> Task: Your answer should hold only the lines from the start of the data below through the line with "Hello and welcome", copied exactly, with pictures left out.

> Information supplied:
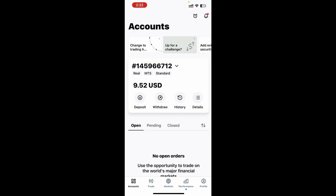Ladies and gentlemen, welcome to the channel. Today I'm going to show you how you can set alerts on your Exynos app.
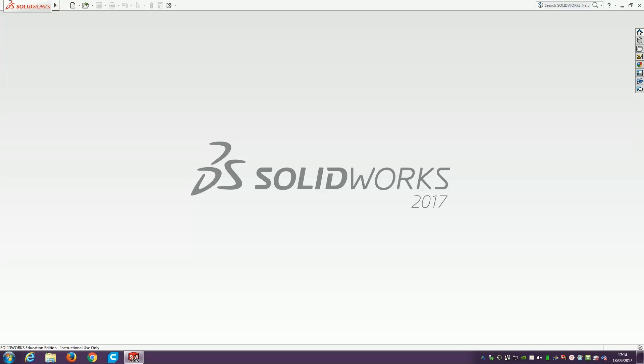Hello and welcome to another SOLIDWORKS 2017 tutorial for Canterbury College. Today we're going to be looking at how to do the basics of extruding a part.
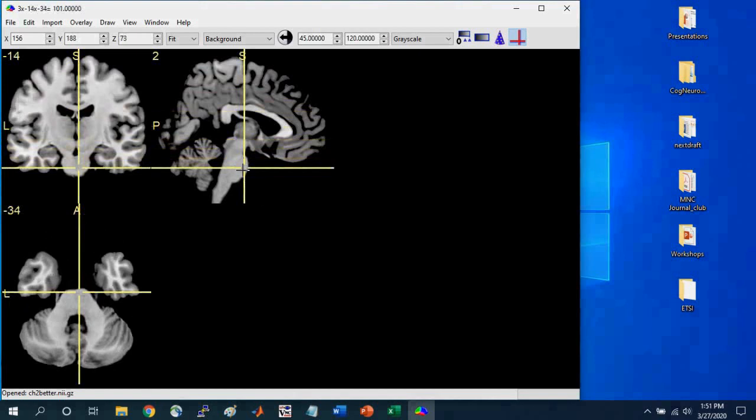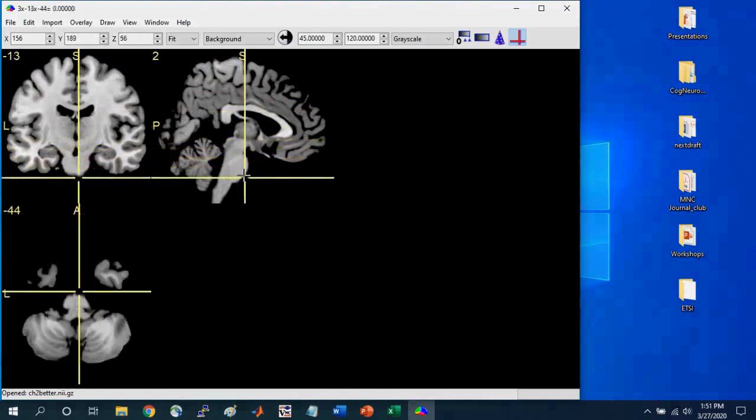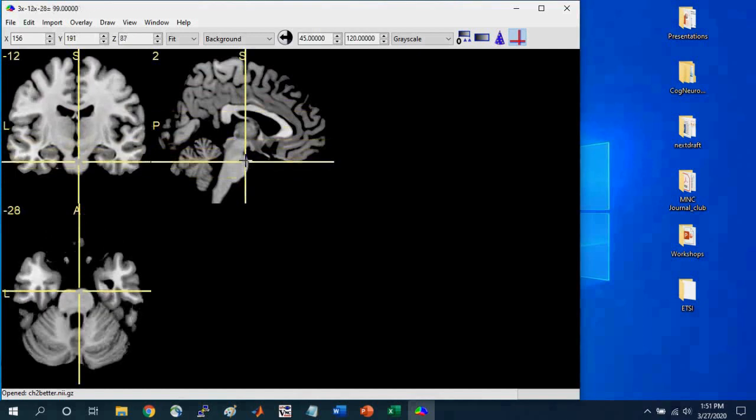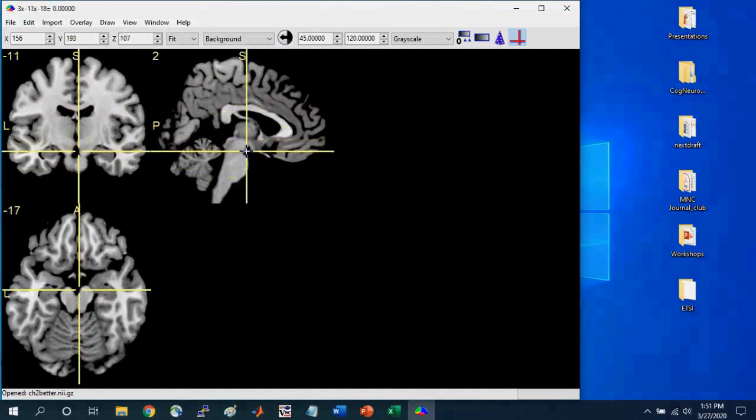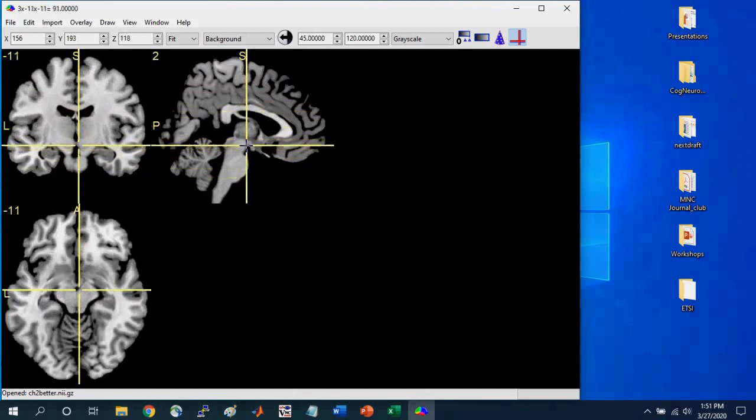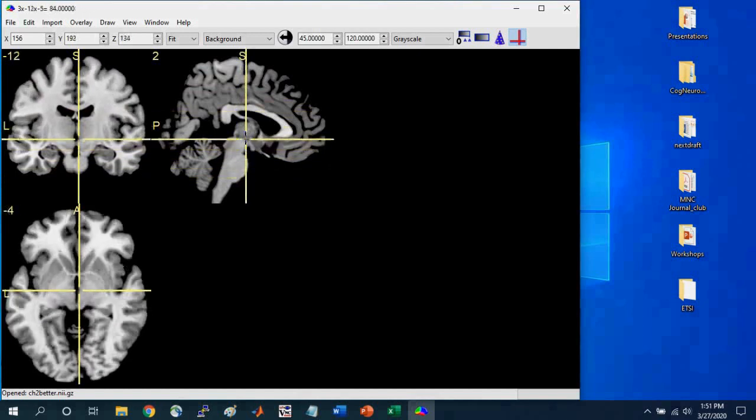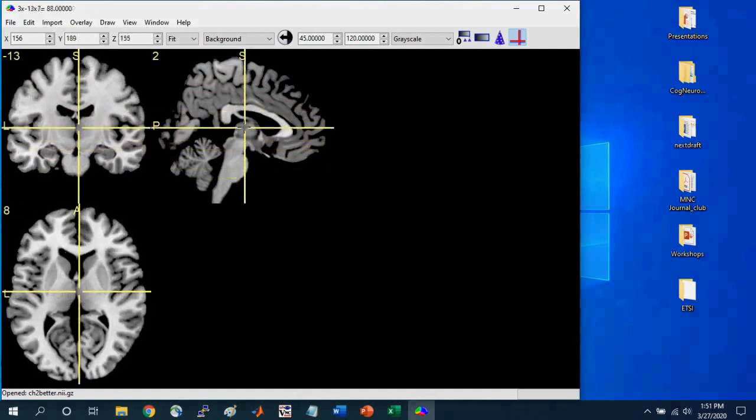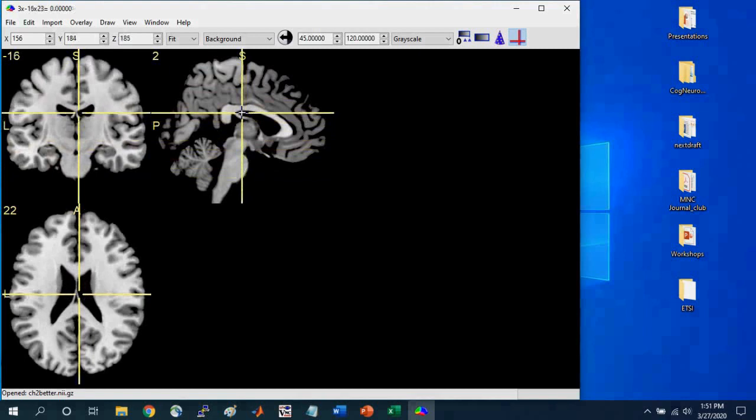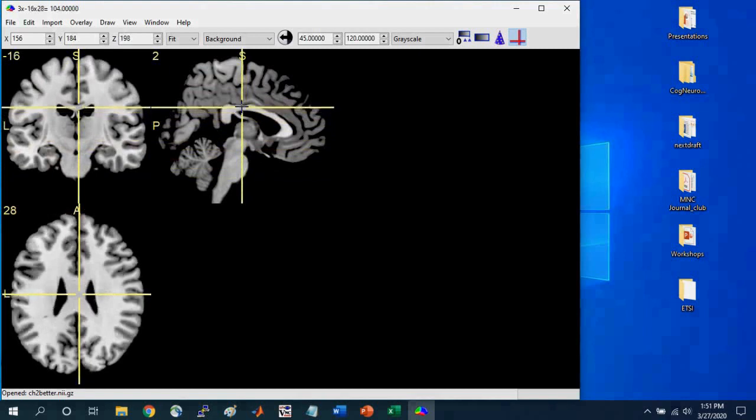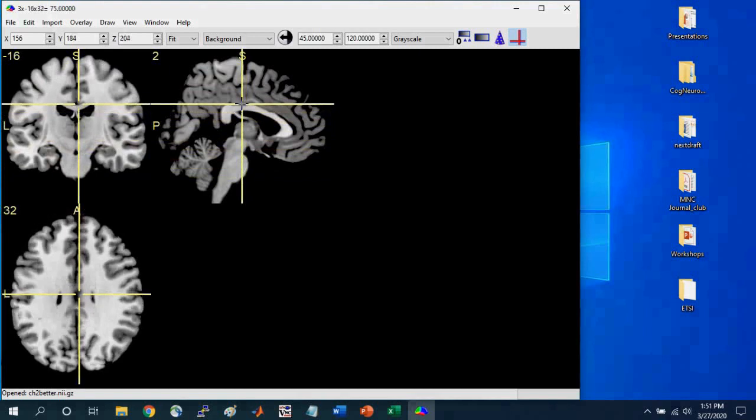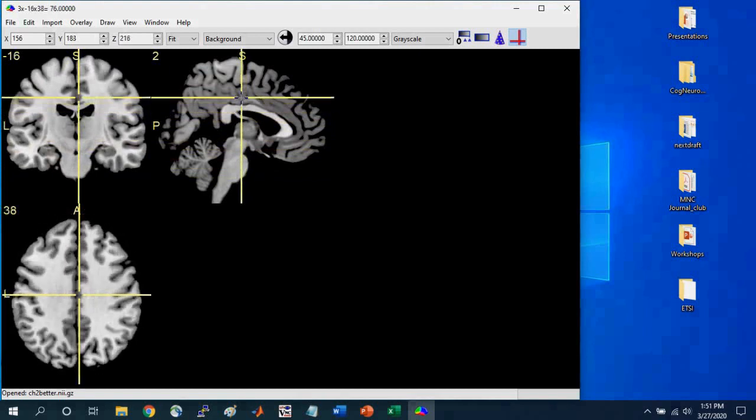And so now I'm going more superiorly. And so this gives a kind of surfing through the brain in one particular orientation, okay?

> Answer space:
Ladies and gentlemen, welcome to the channel. Today I'm going to show you how you can set alerts on your Exynos app.
Hello and welcome to another SOLIDWORKS 2017 tutorial for Canterbury College. Today we're going to be looking at how to do the basics of extruding a part.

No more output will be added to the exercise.